Als er auf Enter drückt, erscheinen neue Fotos auf dem Bildschirm: 10 Stück, um genau zu sein.
»Ansonsten dasselbe Schema, aber diese Orte sind in Finnland. Und rate mal, welcher Nachtclub dabei ist«, sagt Nina.
»Das Fenix.«
»Genau.«
»Herrje«, stößt Rasmus hervor. »Und … Und die anderen Vorwahlnummern? Hat jedes Land seinen eigenen Hashtag?«
»Genau das hab ich auch überlegt. Ich hab es auf die Schnelle mit einigen ausprobiert, und allem Anschein nach funktioniert das System zumindest in Skandinavien, mit Ausnahme von Island. In Norwegen gibt es fünf Tags und in Dänemark 14. Mit demselben System habe ich zum Beispiel in Deutschland, Frankreich oder Estland nichts gefunden.«
»Ein skandinavisches … was? Hat das irgendwie mit Kambo zu tun?«
»Meines Wissens ist Kambo in keinem dieser Länder illegal.«
»Mit Drogen?«
»Alles ist möglich, Rasse«, sagt Nina, womit sie ausgesprochen recht hat.

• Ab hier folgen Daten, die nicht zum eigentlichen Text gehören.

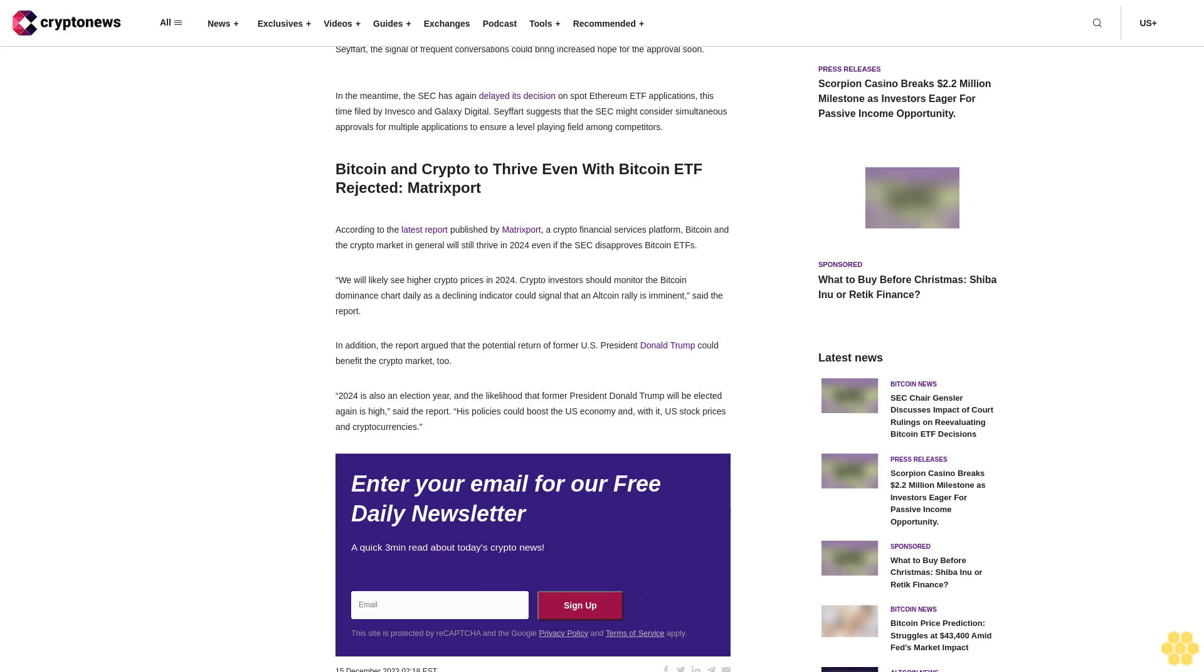Bitcoin and crypto to thrive even with Bitcoin ETF rejected, Matrixport. According to the latest report published by Matrixport, a crypto financial services platform, Bitcoin and the crypto market in general will still thrive in 2024 even if the SEC disapproves Bitcoin ETFs. We will likely see higher crypto prices in 2024. Crypto investors should monitor the Bitcoin dominance chart daily as a declining indicator could signal that an altcoin rally is imminent, said the report.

Rasmus denkt an das TOR-Netzwerk, an die Untersuchungen der letzten Jahre, die gezeigt haben, dass man im Internet alles Mögliche suchen kann, ob Drogen, Elfenbein, Waffen oder Kinderporno, wenn man das richtige Suchwort eingibt, das nur den Mitgliedern des Rings bekannt ist. Deshalb ist es für die Polizei schwierig, ihnen auf die Spur zu kommen.
»Weiß Jessica schon davon? Oder Hellu?«, fragt er.
»Noch nicht. Ich wollte erst mit dir reden.«
Rasmus spürt Wärme aufsteigen. Er ist Ninas ICE-Person. In case of emergency.
»Ich würde vorher gern wenigstens einen kleinen Hinweis darauf finden, wer Akifumi ist. Und warum er die Vorwahl von Schweden in seinen Instagram-Namen aufgenommen hat«, seufzt Nina.
»Vielleicht ist er ein Whistleblower? Jemand, der die Polizei auf etwas aufmerksam machen will?«
»Warum hat er der Polizei dann nicht einfach eine Nachricht geschickt und erklärt, worum es geht? Warum sollte er so einen vagen Hinweis geben, den womöglich niemand richtig deutet?«
»Ich weiß nicht. Aber das Gute an der Sache ist, dass wir nur einen einzigen von denen aufzuspüren brauchen, die diese Fotos gepostet haben, und aus ihm herausholen, worum es hier …«
»Daraus wird nichts, Rasse.«
»Wieso denn nicht. Wir …«
»Alle Accounts sind Fake-Accounts. Und auf jedem wurde nur ein einziges Foto geladen«, erklärt Nina, und Rasmus fühlt sich plötzlich unsäglich müde. Vielleicht hat ihn bisher die Hoffnung wachgehalten, aber Ninas Worte lassen sie schlagartig erlöschen. Je tiefer sie in dem Rätsel versinken, desto trüber scheint die Sicht um sie herum zu werden.